Under the influence of paganism earlier, and since the time of Hegel at least, because of the dogma of evolution, many people see the universe as a cold, mechanical, and empty force. Vitalism has seen a tendency and a moving force in the universe, but it is non-personal and essentially mindless. It manifests direction and purpose in retrospect, as a result of chance and blind urges, not as a self-conscious and decreed will.
In such a world-view, the universe has produced man, together with a billion and one other things, but is unconscious of man and indifferent to him. Tomorrow, a wandering star, asteroid, comet, or some other cosmic body may mindlessly destroy the earth and man. Those who would hold that such an accident is unlikely or impossible ground tehir opinion, not in some absolute purpose and plan, but in a theory of electro-magnetics and other impersonal and mindless forces.
Humanistic man thus faces a blind and cold universe which is not truly "alive" and is most certainly destined for cosmic death and collapse. In such a cosmos, man is clearly alone. A universal conflict of interests prevails, and, because no absolute and universal mind and purpose binds all things together, all things are in tension, if not in struggle or at war. William Butler Yeats, in his poem, "The Second Coming," summarized the modern mood tellingly:
In a world in which "things fall apart" by nature, man too falls apart.Things fall apart; the center cannot hold;Mere anarchy is loosed upon the world.
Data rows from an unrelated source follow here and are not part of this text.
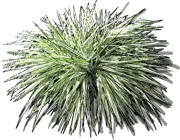 Plant - Hakonechloa macra Fubuki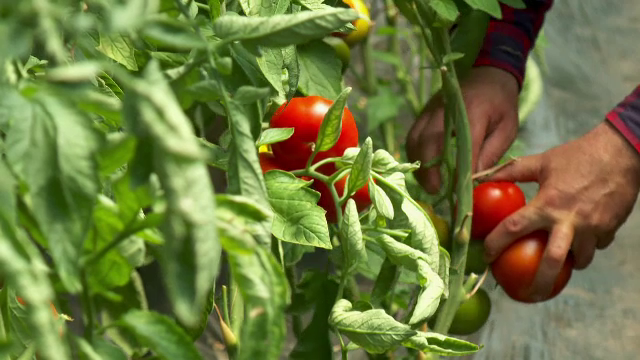 Descinderi la așa-ziși fermieri. Au luat ajutor de la stat prin Programul Tomata fără să pună un răsad de roșii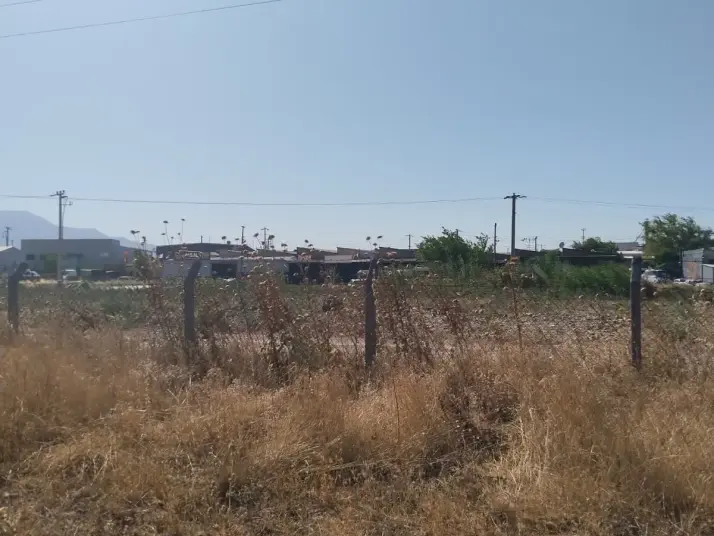 Emlak Atölyesinden Armutlu&#39;da Satılık 6056 M2 Tek Tapu Zeytinlik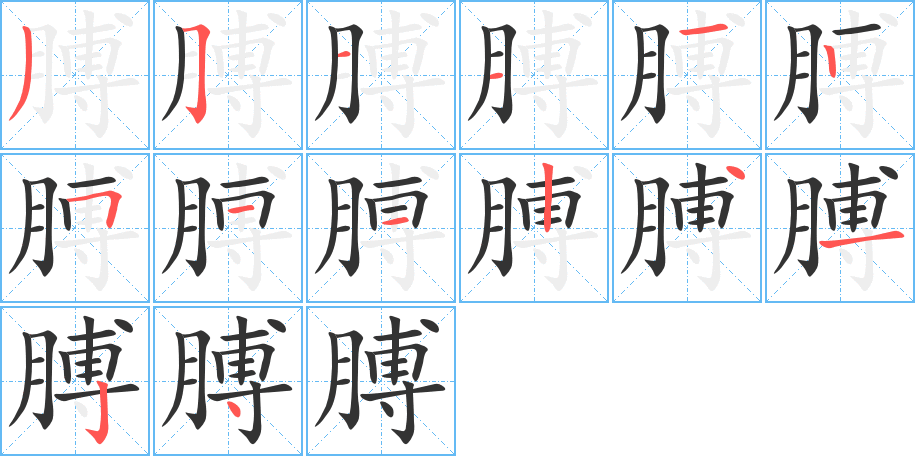 膊字的笔画顺序
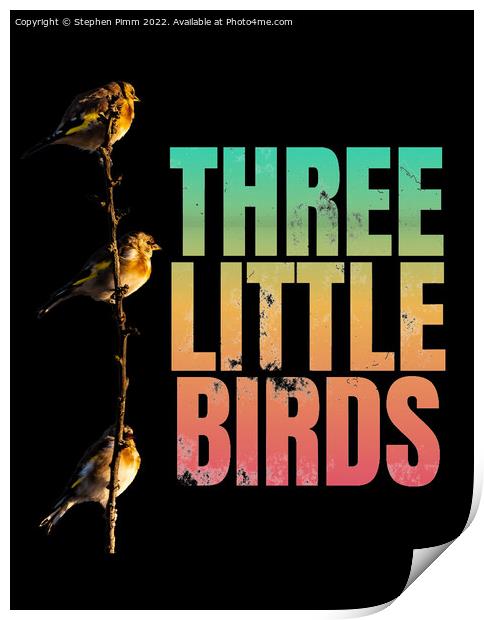 Three Little Birds Print by Stephen Pimm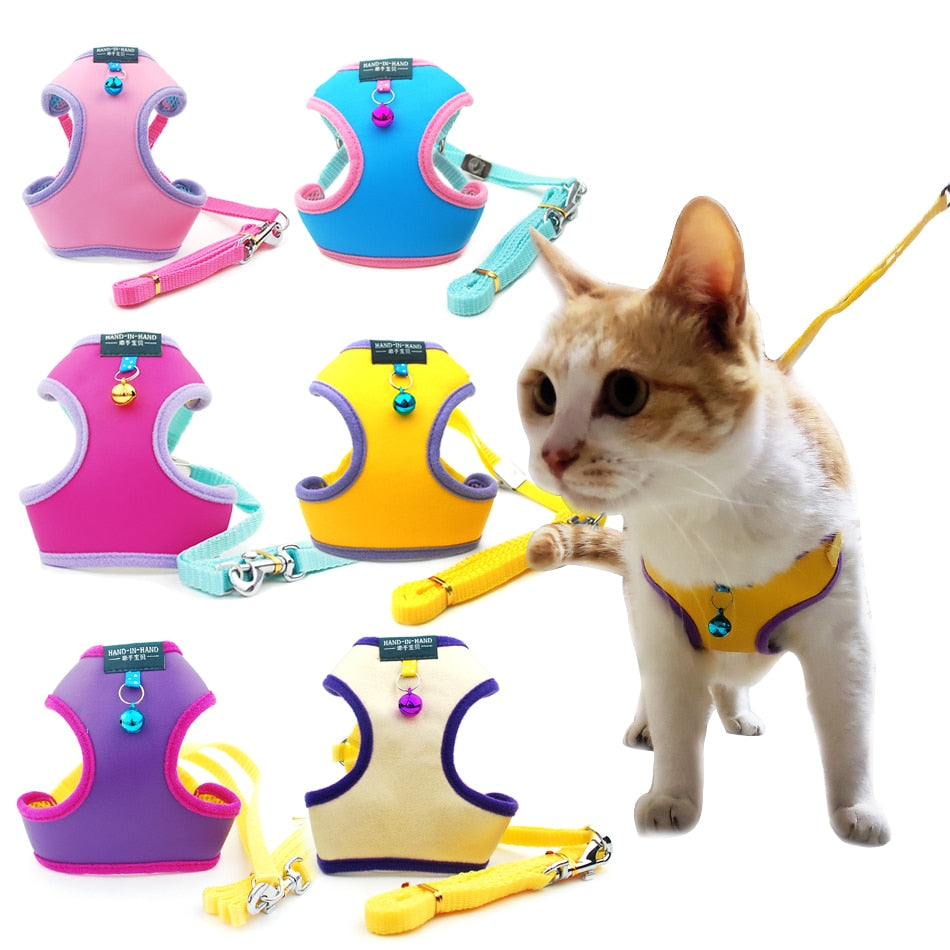 Cat Bell Walk Harness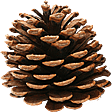 pinecone Slack emoji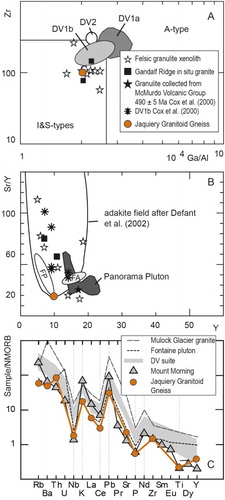 Figure 3. Whole rock trace-element chemistry of Jaquiery granitoid gneiss New Zealand (Fig. 1) relative to select, equivalent Ross Orogen plutonic rocks and xenoliths in Antarctica. The Antarctic comparisons are granulite crustal xenoliths in Cenozoic volcanic rocks in southern Victoria Land (Cox et al. Citation2000; Martin et al. Citation2015), the Dry Valleys suites of granites (Cox et al. Citation2000); granite outcrops at Gandalf Ridge, Mount Morning (Martin et al. Citation2015); Fontaine Pluton (FP) rocks (Cottle and Cooper Citation2006a); Fontaine Adakite (FA) rocks (Cottle Citation2002); Panorama Pluton rocks (Mellish et al. Citation2002) and; A-Type Mulock Glacier Granite (Cottle and Cooper Citation2006b). A, 104Ga/Al versus Zr ppm plot after Whalen et al. (Citation1987) B, Y ppm versus Sr/Y plot with adakite fields from Defant et al. (Citation2002). C, Normal mid-ocean ridge basalt, normalised (Sun and McDonough Citation1989) extended element plot.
In the empty and meaningless world of modern thought, the doctrine of providence has become remote and has receded even from the mind of ostensible believers. To be "scientific" means to view reality as a cold business of weights and measures which is best known by scientific instruments rather than Scripture. Science is contrasted to religion, as though science represents an intelligent and realistic view of things, whereas religion offers merely the blindness of faith. Of course, all thinking rests on pre-theoretical presuppositions, so that faith is the foundation of science as much as of "religion." Modern scientific theory is the outworking of a humanistic religion, not of observation or testing. It is a manifestation of faith, not reason, so that the conflict between "science" and Christianity is a religious war, not a battle between science and superstition.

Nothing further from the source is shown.